Con ello, se comprende que no existe tal preparación previa. La fuente de conocimiento son las respuestas generadas en la subjetividad al propio todo social. No hay un antes extrínseco que es fuente del saber necesario, sino este es resultado del propio auto-movimiento social. La ausencia de un pensar dialéctico que disipara la lógica de la causa y el efecto en relación lineal, por tanto, la presencia de su opuesto -el principio de causa y efecto-, impedían ver que los actores del proceso de subversión son portadores de las condiciones para este -incluso antes de ser conscientes de ello-. No era tal preparación, sino ellos, expresión de la gestación de un cambio dentro que generaba el propio todo social. No era una fuerza externa personificada en la vanguardia, sino el devenir autopropulsado del grupo humano.
Tampoco el estallido tiene que ocurrir en el momento de mayor contradicción económica.
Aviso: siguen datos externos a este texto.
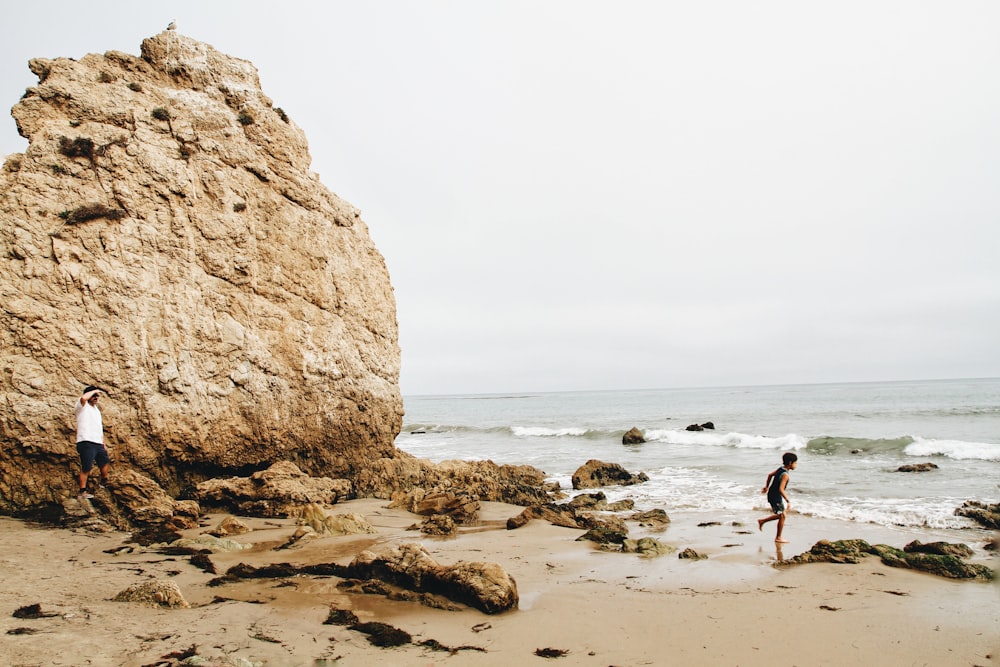 boy running in front of beach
Puede pasar, siendo esta, mayor, menor, o incluso igual que en tiempos previos a que se desate la lucha. Y es que esta visión cae en un mecanicismo que olvida quiénes son los sujetos del proceso de revolución, y que esta depende de que existan esos sujetos, o al menos, las condiciones para que estos actúen. Ello, no depende exactamente del grado de «gravedad» de la fricción de los grupos sociales vista desde un esquema exterior.
Por último, hay que referirse a la cuestión política implícita en todo momento en las ideas de la revolución y en la concepción de la luces. No se trata de la conciencia política per se, sino de la conciencia cotidiana que la sostiene. Esta, es la expresión de los conflictos existente entre aquellos que comparten modos de vida, pero que su nivel más visible es la lucha política -que es lo que causa la confusión de sobre cuál debe incidirse-. Es dicha cotidianidad, el escenario de los verdaderos procesos de subversión de la realidad, y que se aprecian y reflejan en lo político, lo teórico, lo jurídico, lo cultural. Entonces, que no es el asunto del sujeto político, sino el sujeto real -cotidiano-, si de revoluciones se trata.
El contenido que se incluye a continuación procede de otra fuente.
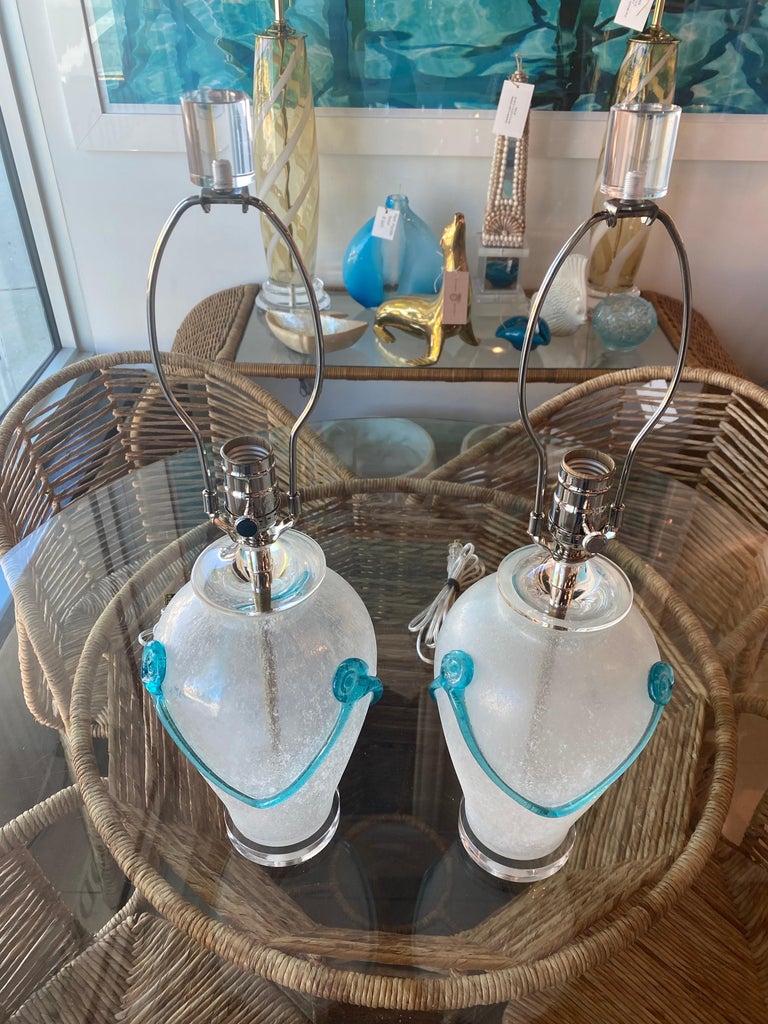 Lovely pair of vintage Murano frosted glass and aqua table lamps. These have been completely restored. Newly wired, all new nickel hardware, 3 way sockets. Lucite base, lucite finials, lucite vase cap. Dimensions: 14.5 H to socket x 22 H to finial x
Hoy, a pesar de ser difícil el ejercicio de inculcar en el imaginario popular una idea diferente de aquella que arrastramos de la Ilustración, no quiere decir que deba también el pensamiento teórico sobre la revolución quedarse atrapado en ella. Este, debe cumplir su papel de articular dichas conciencias cotidianas en pro del cambio social.
Si la ideología apuesta por una vanguardia, entonces, el pensamiento sobre la revolución, debe ver el potencial en esta como factor de cambio -siempre sabiendo que no es esta sola, sino en interacción con las masas-. No es tal subjetividad algo que se puede destruir en poco tiempo. Utilizarlo a favor, también es parte de pensar -y hablar de- la revolución.